Uniform Function Call syntax for properties
Denis Koroskin
2korden at gmail.com
Sat Oct 9 21:58:39 PDT 2010
On Sun, 10 Oct 2010 08:44:59 +0400, Robert Jacques <sandford at jhu.edu>
wrote:
> On Sat, 09 Oct 2010 22:03:56 -0400, Denis Koroskin <2korden at gmail.com>
> wrote:
>
>> On Sun, 10 Oct 2010 05:58:00 +0400, Robert Jacques <sandford at jhu.edu>
>> wrote:
>>
>>> On Sat, 09 Oct 2010 16:28:32 -0400, Denis Koroskin <2korden at gmail.com>
>>> wrote:
>>>
>>>> On Sun, 10 Oct 2010 00:09:23 +0400, Sean Kelly
>>>> <sean at invisibleduck.org> wrote:
>>>>
>>>>> Andrei Alexandrescu <SeeWebsiteForEmail at erdani.org> wrote:
>>>>>> On 10/8/10 7:55 CDT, Steven Schveighoffer wrote:
>>>>>>> Someone was asking about UFC syntax for properties on d.learn, and
>>>>>>> I
>>>>>>> realized, we have a huge ambiguity here.
>>>>>>>
>>>>>>> Given a function:
>>>>>>>
>>>>>>> @property int foo(int x)
>>>>>>>
>>>>>>> Is this a global setter or a getter on an int?
>>>>>>
>>>>>> Good question.
>>>>>
>>>>> Setter. Consider "a = b = c".
>>>>
>>>> I think you missed the point. Which of the two is it:
>>>>
>>>> int x = 42;
>>>> auto y = x.foo(); // transformed into "auto y = foo(x);", getter
>>>>
>>>> or
>>>>
>>>> foo = 42; // transformed into "foo(42);", setter
>>>>
>>>> Both match.
>>>
>>> I agree that there is ambiguity here, but does it why does foo have to
>>> be only a getter or only a setter?
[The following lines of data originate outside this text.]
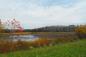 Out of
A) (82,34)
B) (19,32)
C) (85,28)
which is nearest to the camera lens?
(19,32)

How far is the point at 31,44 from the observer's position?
21.5 metres

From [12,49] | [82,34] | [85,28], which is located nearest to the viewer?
[12,49]

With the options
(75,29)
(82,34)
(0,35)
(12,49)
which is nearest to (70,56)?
(12,49)

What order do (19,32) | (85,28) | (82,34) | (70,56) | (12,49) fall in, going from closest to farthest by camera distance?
(70,56) < (12,49) < (19,32) < (82,34) < (85,28)

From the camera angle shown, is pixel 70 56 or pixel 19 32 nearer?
pixel 70 56

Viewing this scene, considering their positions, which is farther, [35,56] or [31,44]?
[31,44]

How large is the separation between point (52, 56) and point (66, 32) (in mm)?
25839

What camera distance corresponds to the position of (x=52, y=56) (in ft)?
42.8

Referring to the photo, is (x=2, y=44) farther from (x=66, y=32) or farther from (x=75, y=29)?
(x=75, y=29)

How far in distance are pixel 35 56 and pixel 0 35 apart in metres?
10.1

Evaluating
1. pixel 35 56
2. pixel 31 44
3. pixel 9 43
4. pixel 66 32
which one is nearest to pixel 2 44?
pixel 9 43

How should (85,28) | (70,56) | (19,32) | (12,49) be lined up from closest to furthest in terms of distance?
1. (70,56)
2. (12,49)
3. (19,32)
4. (85,28)

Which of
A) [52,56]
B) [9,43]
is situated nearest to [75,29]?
[9,43]

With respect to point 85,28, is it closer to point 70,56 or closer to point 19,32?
point 19,32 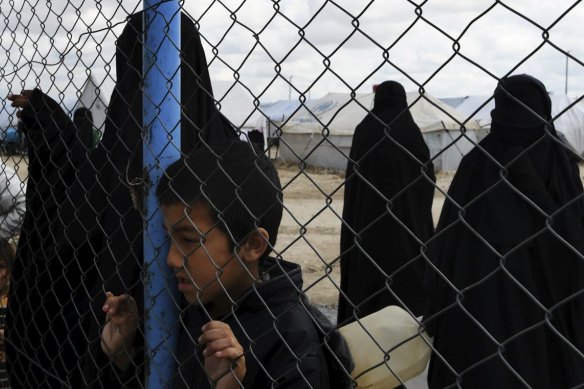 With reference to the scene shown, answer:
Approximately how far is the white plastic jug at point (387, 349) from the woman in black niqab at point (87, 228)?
0.59 metres

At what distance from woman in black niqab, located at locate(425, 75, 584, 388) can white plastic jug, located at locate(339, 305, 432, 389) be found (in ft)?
4.83

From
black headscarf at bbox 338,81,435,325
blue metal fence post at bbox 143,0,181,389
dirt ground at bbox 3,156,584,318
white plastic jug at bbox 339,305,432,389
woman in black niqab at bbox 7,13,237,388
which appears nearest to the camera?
white plastic jug at bbox 339,305,432,389

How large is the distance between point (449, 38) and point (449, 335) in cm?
214

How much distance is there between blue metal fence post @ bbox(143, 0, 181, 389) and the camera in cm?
180

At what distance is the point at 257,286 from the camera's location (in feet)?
5.15

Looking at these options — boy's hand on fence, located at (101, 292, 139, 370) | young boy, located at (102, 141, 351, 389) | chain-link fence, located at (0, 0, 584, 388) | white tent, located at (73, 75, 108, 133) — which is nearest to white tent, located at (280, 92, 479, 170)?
white tent, located at (73, 75, 108, 133)

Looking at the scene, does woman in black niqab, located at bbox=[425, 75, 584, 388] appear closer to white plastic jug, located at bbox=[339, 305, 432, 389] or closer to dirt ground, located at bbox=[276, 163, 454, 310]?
dirt ground, located at bbox=[276, 163, 454, 310]

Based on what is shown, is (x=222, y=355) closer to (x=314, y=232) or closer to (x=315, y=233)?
(x=315, y=233)

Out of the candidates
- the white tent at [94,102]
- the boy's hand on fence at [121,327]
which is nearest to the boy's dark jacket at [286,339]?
the boy's hand on fence at [121,327]

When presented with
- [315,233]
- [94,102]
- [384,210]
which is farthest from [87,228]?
[315,233]

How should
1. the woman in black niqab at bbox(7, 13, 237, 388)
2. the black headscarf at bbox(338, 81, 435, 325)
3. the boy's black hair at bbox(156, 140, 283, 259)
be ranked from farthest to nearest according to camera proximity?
the black headscarf at bbox(338, 81, 435, 325) → the woman in black niqab at bbox(7, 13, 237, 388) → the boy's black hair at bbox(156, 140, 283, 259)

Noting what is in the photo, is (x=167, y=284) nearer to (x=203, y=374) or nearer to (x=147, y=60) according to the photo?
(x=203, y=374)

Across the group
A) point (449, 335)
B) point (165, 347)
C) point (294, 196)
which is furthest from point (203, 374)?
point (294, 196)

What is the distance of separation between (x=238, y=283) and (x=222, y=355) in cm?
25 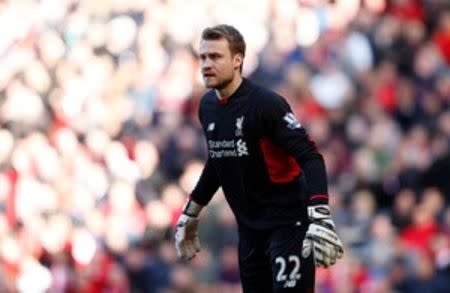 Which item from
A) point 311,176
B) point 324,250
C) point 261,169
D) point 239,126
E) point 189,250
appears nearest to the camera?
point 324,250

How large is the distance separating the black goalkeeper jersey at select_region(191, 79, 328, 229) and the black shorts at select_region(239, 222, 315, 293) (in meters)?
0.08

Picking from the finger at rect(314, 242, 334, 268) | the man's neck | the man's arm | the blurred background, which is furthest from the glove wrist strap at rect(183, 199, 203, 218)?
the blurred background

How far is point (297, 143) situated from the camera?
1133 centimetres

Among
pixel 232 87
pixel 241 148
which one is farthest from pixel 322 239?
pixel 232 87

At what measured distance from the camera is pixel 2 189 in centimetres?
2161

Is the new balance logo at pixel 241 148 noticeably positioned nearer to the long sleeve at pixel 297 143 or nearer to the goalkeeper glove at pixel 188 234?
the long sleeve at pixel 297 143

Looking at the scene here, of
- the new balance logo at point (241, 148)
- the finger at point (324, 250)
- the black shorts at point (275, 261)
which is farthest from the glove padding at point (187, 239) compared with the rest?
the finger at point (324, 250)

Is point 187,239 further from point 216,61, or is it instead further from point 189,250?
point 216,61

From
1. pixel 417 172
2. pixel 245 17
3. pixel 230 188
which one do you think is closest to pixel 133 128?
pixel 245 17

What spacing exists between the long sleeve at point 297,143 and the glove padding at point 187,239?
1.14m

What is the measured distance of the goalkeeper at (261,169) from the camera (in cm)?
1134

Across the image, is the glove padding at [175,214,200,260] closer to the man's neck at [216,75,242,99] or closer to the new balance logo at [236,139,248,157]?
the new balance logo at [236,139,248,157]

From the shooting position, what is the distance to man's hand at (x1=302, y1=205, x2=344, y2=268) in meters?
11.0

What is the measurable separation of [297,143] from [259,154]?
1.19 feet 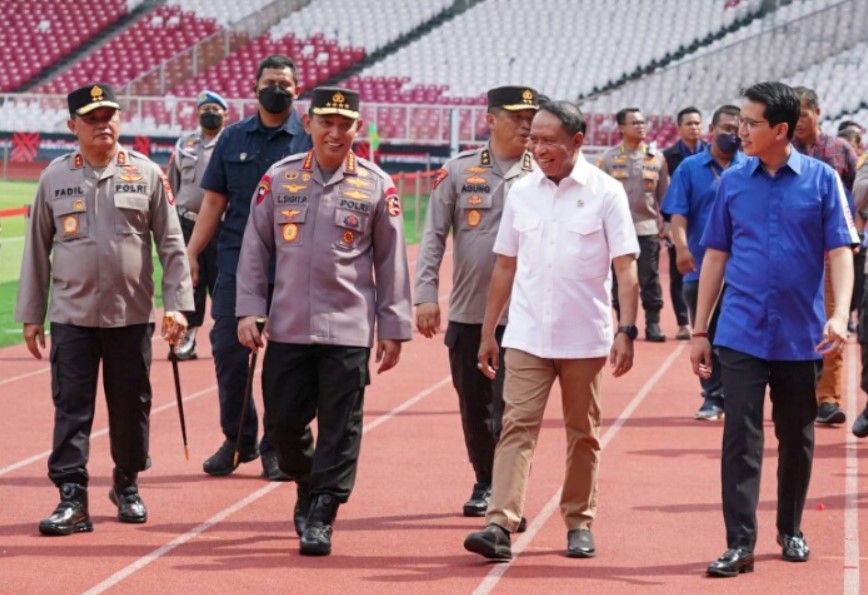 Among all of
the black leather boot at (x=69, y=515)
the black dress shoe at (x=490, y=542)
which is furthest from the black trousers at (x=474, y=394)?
the black leather boot at (x=69, y=515)

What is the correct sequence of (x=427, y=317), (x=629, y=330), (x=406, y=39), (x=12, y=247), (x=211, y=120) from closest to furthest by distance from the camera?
(x=629, y=330) < (x=427, y=317) < (x=211, y=120) < (x=12, y=247) < (x=406, y=39)

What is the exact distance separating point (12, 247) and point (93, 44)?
85.9 feet

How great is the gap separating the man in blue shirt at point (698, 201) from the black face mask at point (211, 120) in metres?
3.53

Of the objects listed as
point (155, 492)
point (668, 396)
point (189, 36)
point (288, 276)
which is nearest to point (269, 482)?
point (155, 492)

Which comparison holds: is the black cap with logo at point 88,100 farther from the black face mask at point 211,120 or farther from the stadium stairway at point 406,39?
the stadium stairway at point 406,39

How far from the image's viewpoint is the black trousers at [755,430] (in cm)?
671

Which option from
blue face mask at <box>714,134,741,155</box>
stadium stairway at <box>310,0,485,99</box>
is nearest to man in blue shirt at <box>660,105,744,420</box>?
blue face mask at <box>714,134,741,155</box>

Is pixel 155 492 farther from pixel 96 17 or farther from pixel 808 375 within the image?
pixel 96 17

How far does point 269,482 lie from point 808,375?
310cm

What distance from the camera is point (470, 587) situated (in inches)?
256

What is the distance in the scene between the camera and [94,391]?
7.66 m

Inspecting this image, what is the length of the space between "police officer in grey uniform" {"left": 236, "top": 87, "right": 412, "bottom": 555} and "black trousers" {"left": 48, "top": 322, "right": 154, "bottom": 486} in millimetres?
623

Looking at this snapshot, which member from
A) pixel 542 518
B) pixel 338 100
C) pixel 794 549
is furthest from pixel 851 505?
pixel 338 100

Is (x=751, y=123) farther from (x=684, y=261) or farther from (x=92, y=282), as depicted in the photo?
(x=684, y=261) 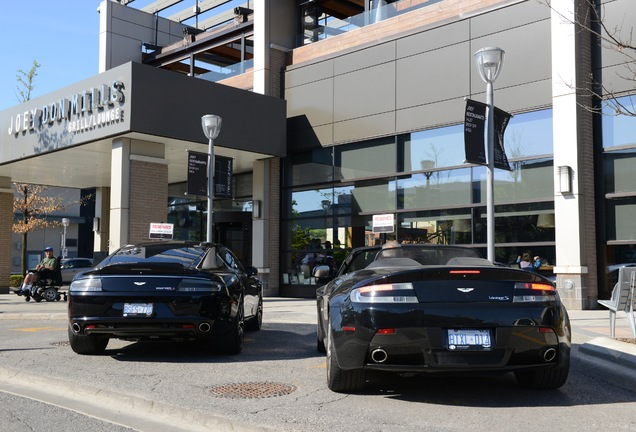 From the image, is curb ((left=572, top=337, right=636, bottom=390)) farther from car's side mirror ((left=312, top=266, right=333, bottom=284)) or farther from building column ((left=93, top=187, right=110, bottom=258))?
building column ((left=93, top=187, right=110, bottom=258))

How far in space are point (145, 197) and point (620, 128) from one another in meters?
12.3

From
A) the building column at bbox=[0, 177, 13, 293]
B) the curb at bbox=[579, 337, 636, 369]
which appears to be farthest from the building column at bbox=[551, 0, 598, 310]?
the building column at bbox=[0, 177, 13, 293]

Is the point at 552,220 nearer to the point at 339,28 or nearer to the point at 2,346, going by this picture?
the point at 339,28

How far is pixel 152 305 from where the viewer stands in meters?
7.46

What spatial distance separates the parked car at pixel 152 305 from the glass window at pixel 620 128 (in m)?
11.2

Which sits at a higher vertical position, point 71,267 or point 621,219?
point 621,219

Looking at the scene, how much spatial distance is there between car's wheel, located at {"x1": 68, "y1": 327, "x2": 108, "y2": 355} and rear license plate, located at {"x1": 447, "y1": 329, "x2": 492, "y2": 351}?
15.6 feet

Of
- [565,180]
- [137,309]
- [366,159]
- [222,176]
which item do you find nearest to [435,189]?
[366,159]

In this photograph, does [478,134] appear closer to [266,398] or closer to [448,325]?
[448,325]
Why can't it behave like either,
>>> depending on its implementation and use?
>>
>> Because you may want to have both, but you can't because their syntax
>> overlap.
>
> Okay I'm confused. How do their syntax overlap? And which syntaxes do
> you think are overlapping?
> All the following 'lowerings' look fine/unambiguous to me:
>
> foo = 42; => foo(42);
> y = x.foo; => y = x.foo(); => y = foo(x);
> foo = foo = x.foo; => foo = foo = x.foo(); => foo = foo = foo(x); => foo
> = foo(foo(x)); => foo(foo(foo(x)));
I wasn't talking about ambiguity. I told that you can't assign different
behavior to
foo = 42;
and
y = x.foo;
Both are resolving to the same symbol.
E.g. I'd like to write a setter, "foo = 42;":
private int _foo;
int foo(int x)
{
debug writeln("foo = ", x);
_foo = x;
return x;
}
But the following code also triggers the setter above:
y = 42.foo(); // prints "foo = 42;", sets private variable _foo to 42, and
returns that value
That's completely unexpected. Imagine yourself writing class Foo with
method bar, and a user who highjacks a hole in the language, creates class
bar, and invokes method Foo on it. That's what it looks like at this
moment.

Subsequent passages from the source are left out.